==== THE RECORDS

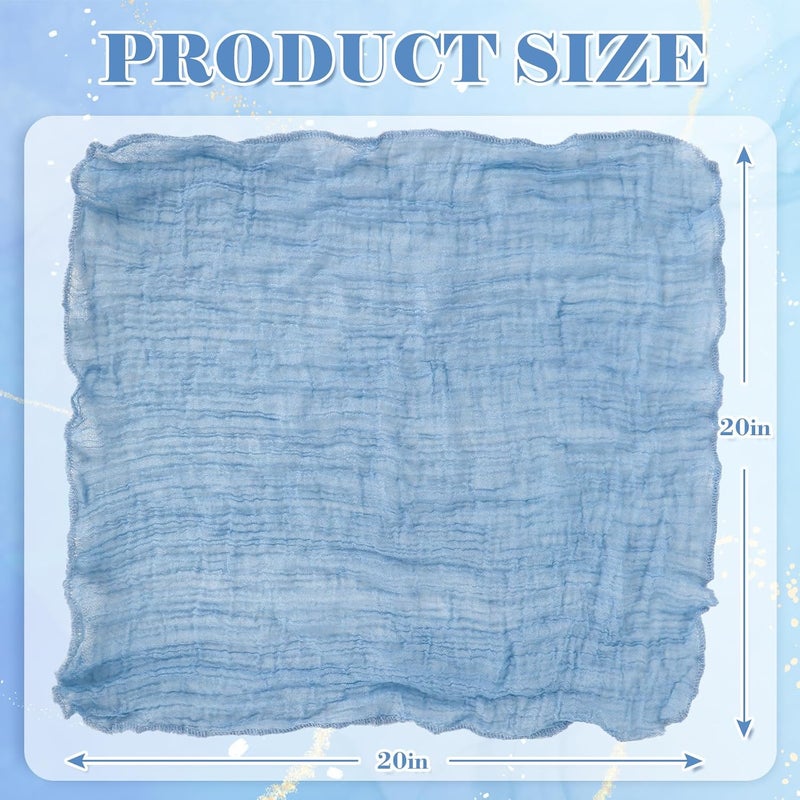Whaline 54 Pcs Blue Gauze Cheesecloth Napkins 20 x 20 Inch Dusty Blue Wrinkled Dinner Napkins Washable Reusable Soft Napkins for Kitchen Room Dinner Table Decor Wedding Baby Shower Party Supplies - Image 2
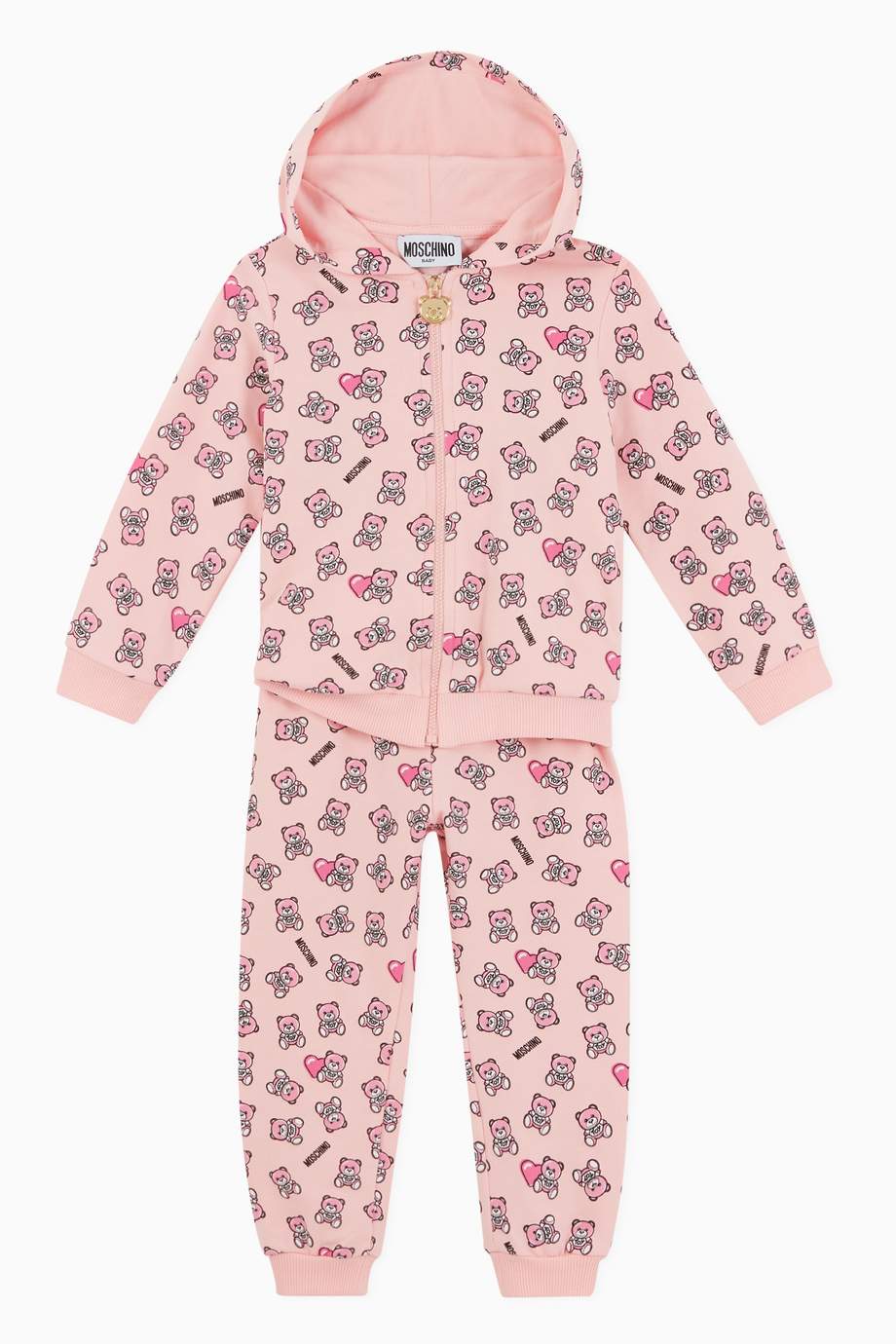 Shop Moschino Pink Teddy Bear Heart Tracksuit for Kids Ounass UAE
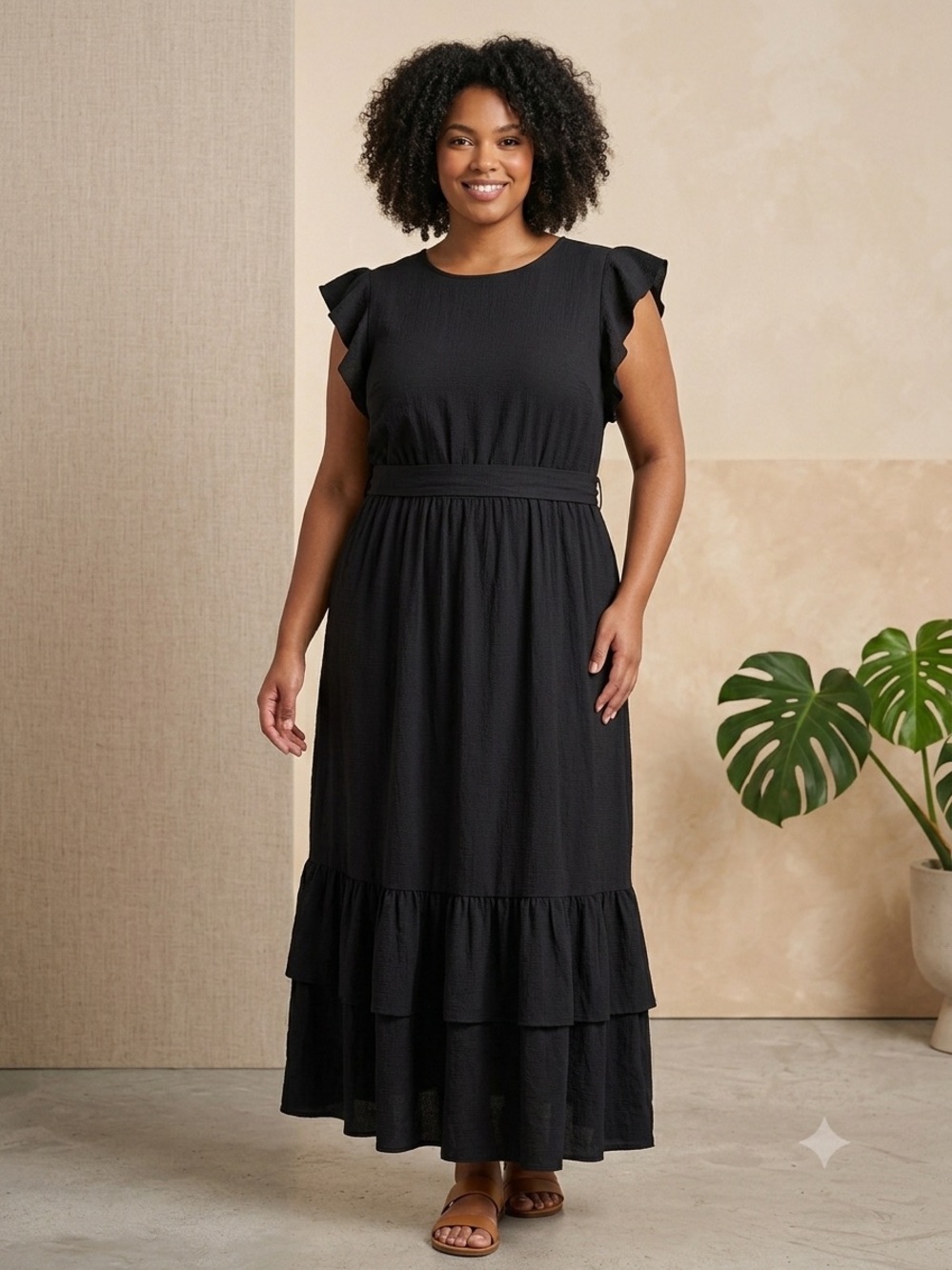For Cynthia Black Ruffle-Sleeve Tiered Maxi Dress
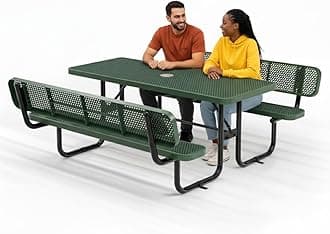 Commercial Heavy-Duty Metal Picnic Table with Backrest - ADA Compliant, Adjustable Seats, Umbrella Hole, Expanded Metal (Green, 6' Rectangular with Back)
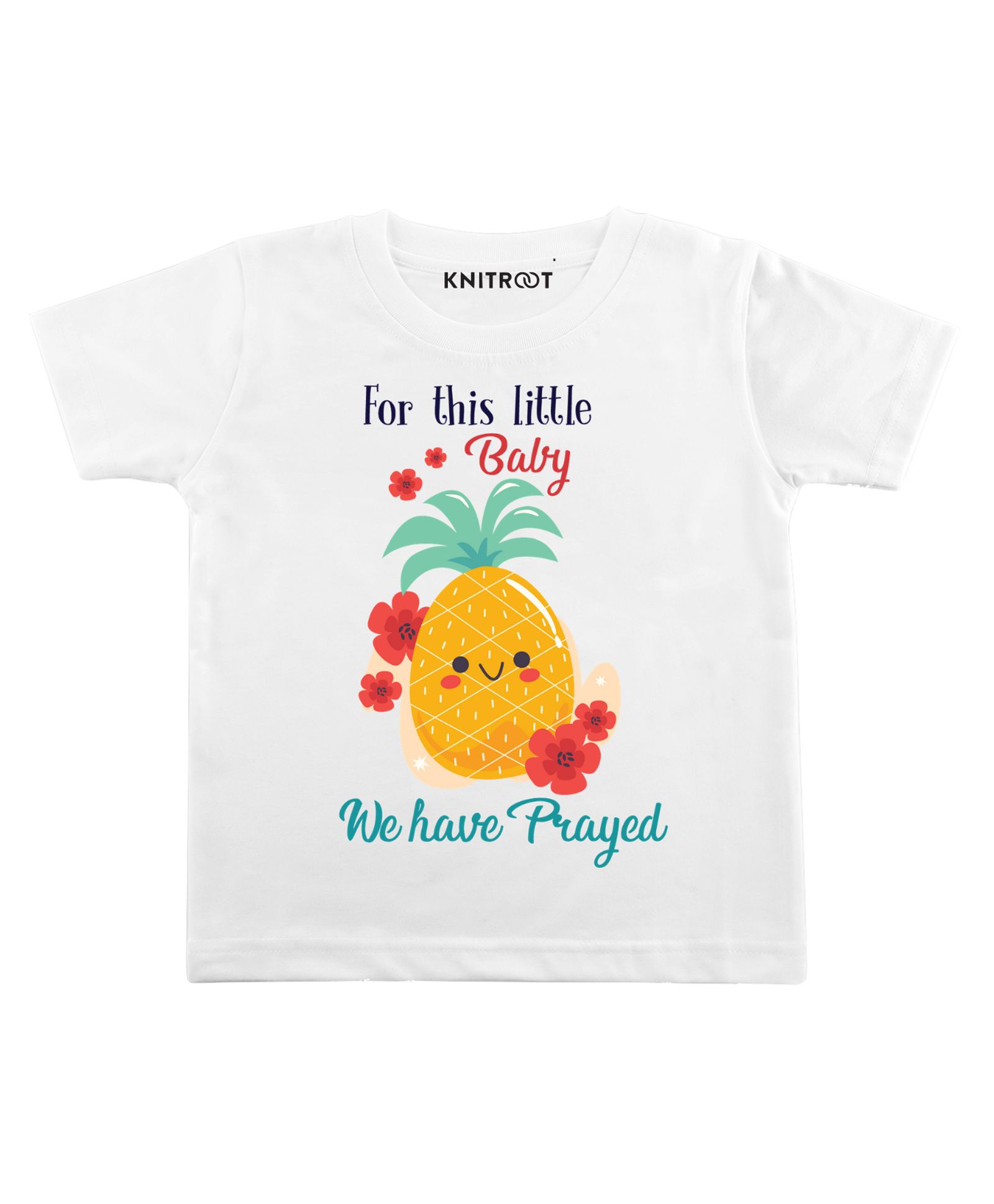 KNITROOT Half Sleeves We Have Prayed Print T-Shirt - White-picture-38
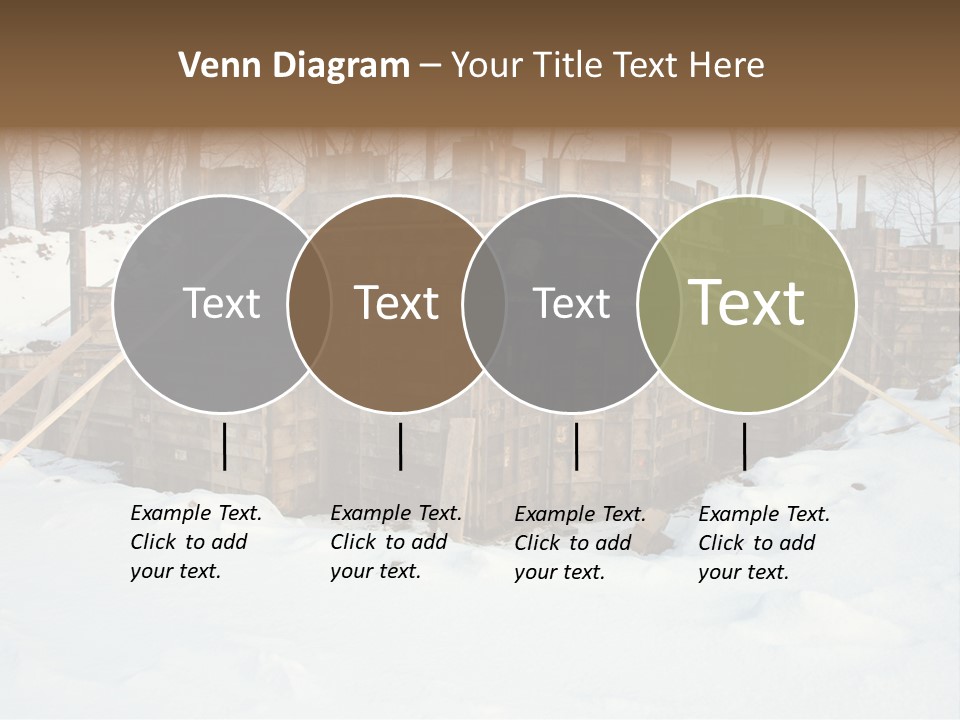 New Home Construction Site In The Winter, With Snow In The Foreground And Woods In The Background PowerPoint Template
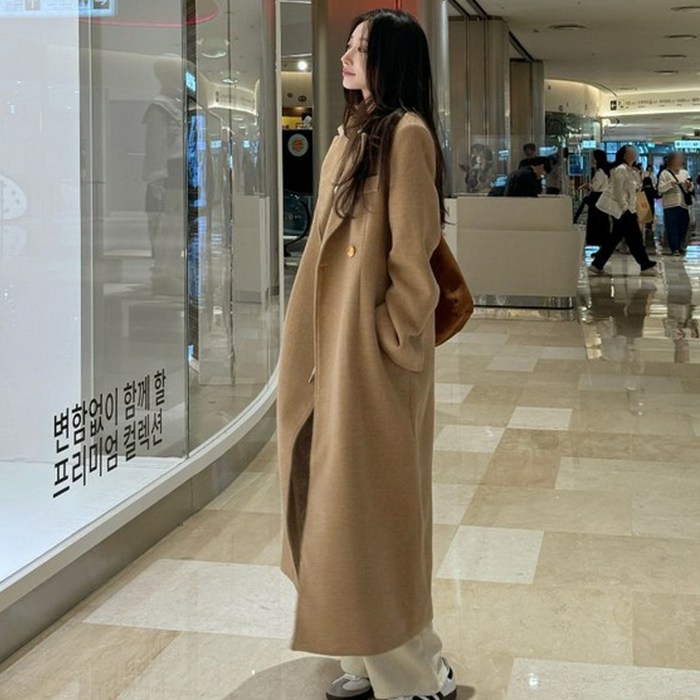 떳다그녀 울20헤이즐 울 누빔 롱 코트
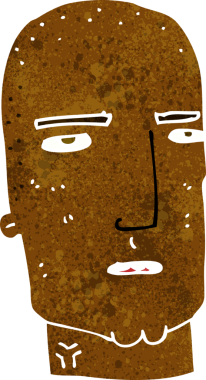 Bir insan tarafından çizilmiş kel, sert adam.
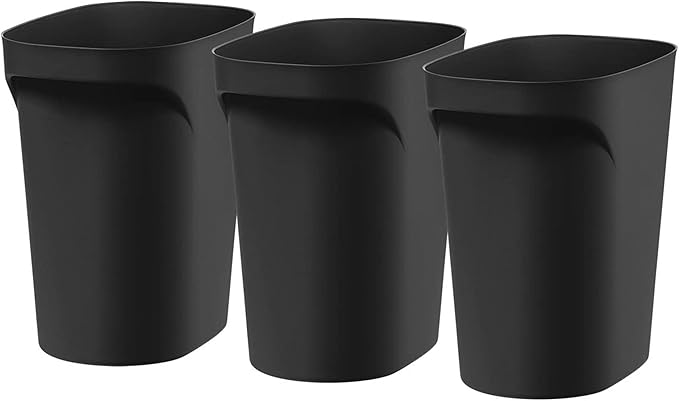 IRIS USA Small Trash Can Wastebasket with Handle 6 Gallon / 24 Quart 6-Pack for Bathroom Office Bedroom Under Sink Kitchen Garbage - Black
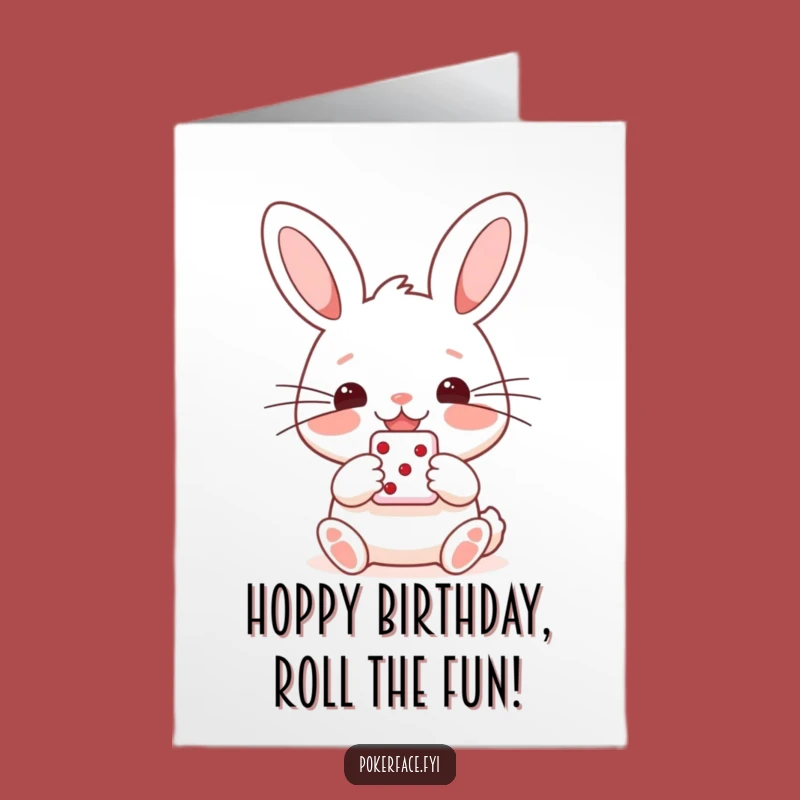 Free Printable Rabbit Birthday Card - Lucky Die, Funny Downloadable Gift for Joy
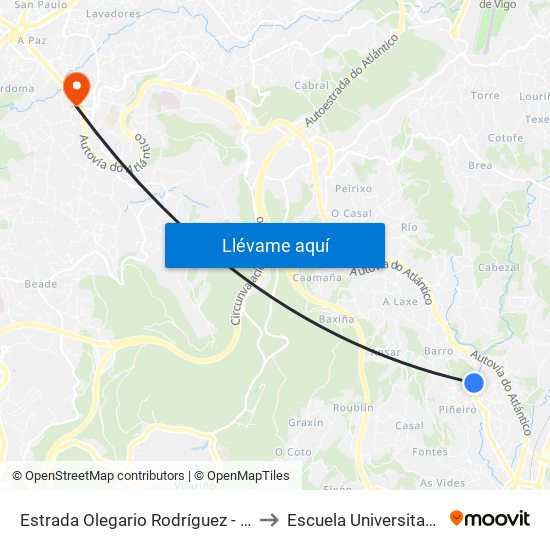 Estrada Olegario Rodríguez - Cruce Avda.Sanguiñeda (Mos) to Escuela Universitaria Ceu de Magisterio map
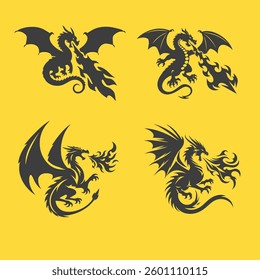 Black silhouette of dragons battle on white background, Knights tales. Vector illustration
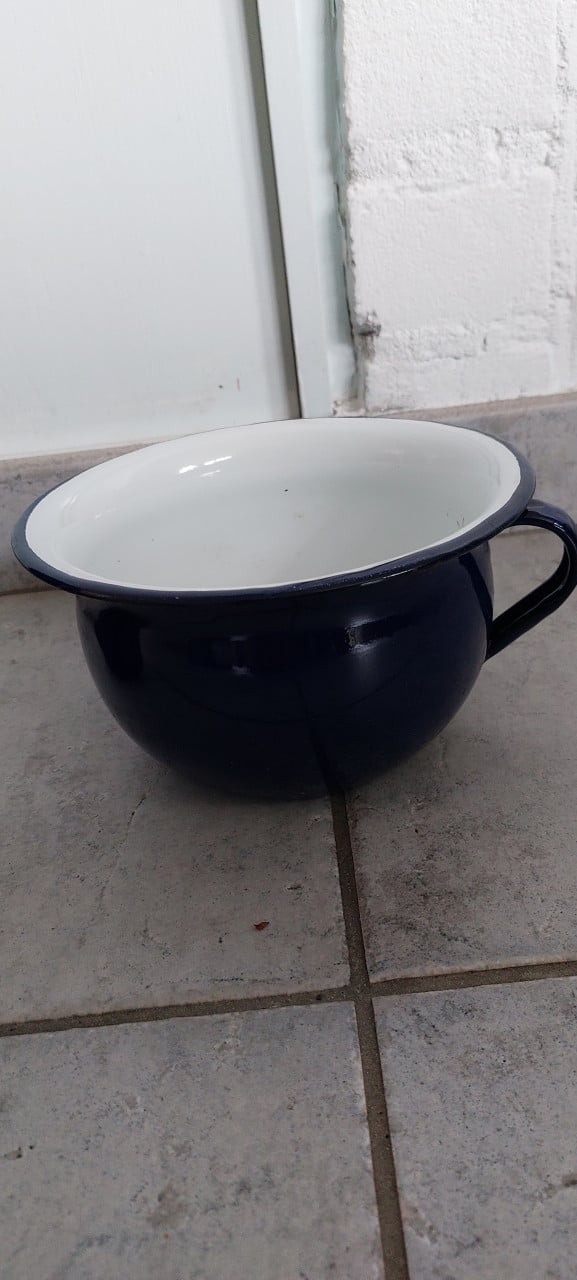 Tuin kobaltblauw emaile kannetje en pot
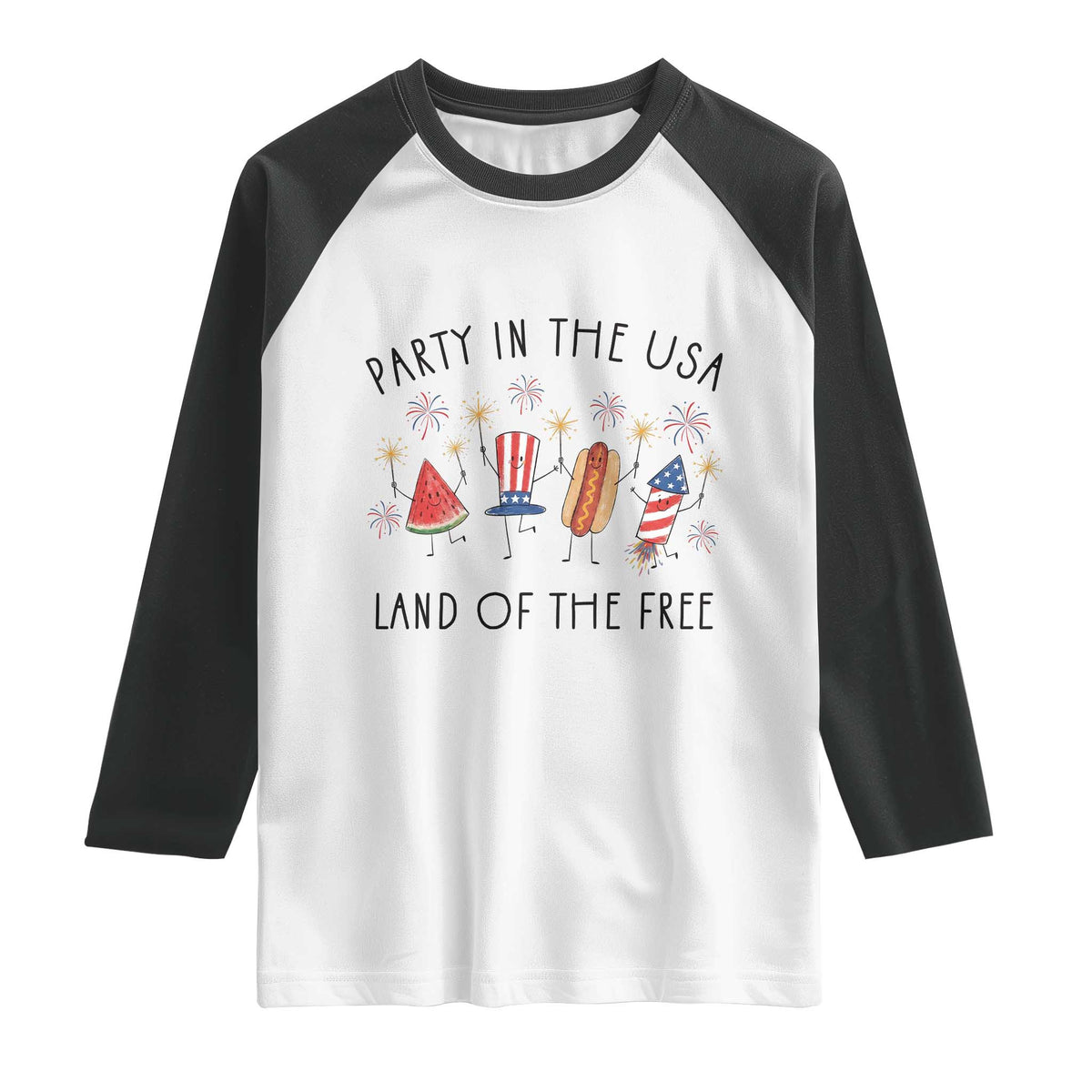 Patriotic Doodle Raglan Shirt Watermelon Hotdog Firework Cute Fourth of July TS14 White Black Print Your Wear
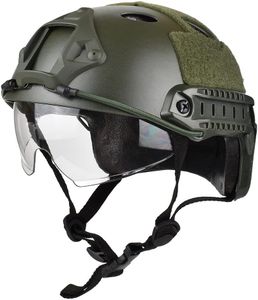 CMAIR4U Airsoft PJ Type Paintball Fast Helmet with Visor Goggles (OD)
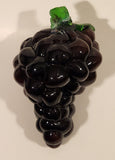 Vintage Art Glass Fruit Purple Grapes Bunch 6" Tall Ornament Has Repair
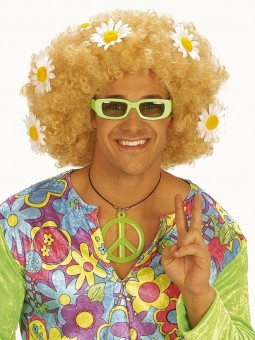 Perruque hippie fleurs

========

WHAT TO PRODUCE — Output the data exactly. Leave every picture out.

OUTPUT FOR THIS TASK —
Whaline 54 Pcs Blue Gauze Cheesecloth Napkins 20 x 20 Inch Dusty Blue Wrinkled Dinner Napkins Washable Reusable Soft Napkins for Kitchen Room Dinner Table Decor Wedding Baby Shower Party Supplies - Image 2
 Shop Moschino Pink Teddy Bear Heart Tracksuit for Kids Ounass UAE
For Cynthia Black Ruffle-Sleeve Tiered Maxi Dress
 Commercial Heavy-Duty Metal Picnic Table with Backrest - ADA Compliant, Adjustable Seats, Umbrella Hole, Expanded Metal (Green, 6' Rectangular with Back)
 KNITROOT Half Sleeves We Have Prayed Print T-Shirt - White-picture-38
 New Home Construction Site In The Winter, With Snow In The Foreground And Woods In The Background PowerPoint Template
 떳다그녀 울20헤이즐 울 누빔 롱 코트
 Bir insan tarafından çizilmiş kel, sert adam.
 IRIS USA Small Trash Can Wastebasket with Handle 6 Gallon / 24 Quart 6-Pack for Bathroom Office Bedroom Under Sink Kitchen Garbage - Black
 Free Printable Rabbit Birthday Card - Lucky Die, Funny Downloadable Gift for Joy
 Estrada Olegario Rodríguez - Cruce Avda.Sanguiñeda (Mos) to Escuela Universitaria Ceu de Magisterio map
 Black silhouette of dragons battle on white background, Knights tales. Vector illustration
 Tuin kobaltblauw emaile kannetje en pot
 Patriotic Doodle Raglan Shirt Watermelon Hotdog Firework Cute Fourth of July TS14 White Black Print Your Wear
 CMAIR4U Airsoft PJ Type Paintball Fast Helmet with Visor Goggles (OD)
 Vintage Art Glass Fruit Purple Grapes Bunch 6" Tall Ornament Has Repair
 Perruque hippie fleurs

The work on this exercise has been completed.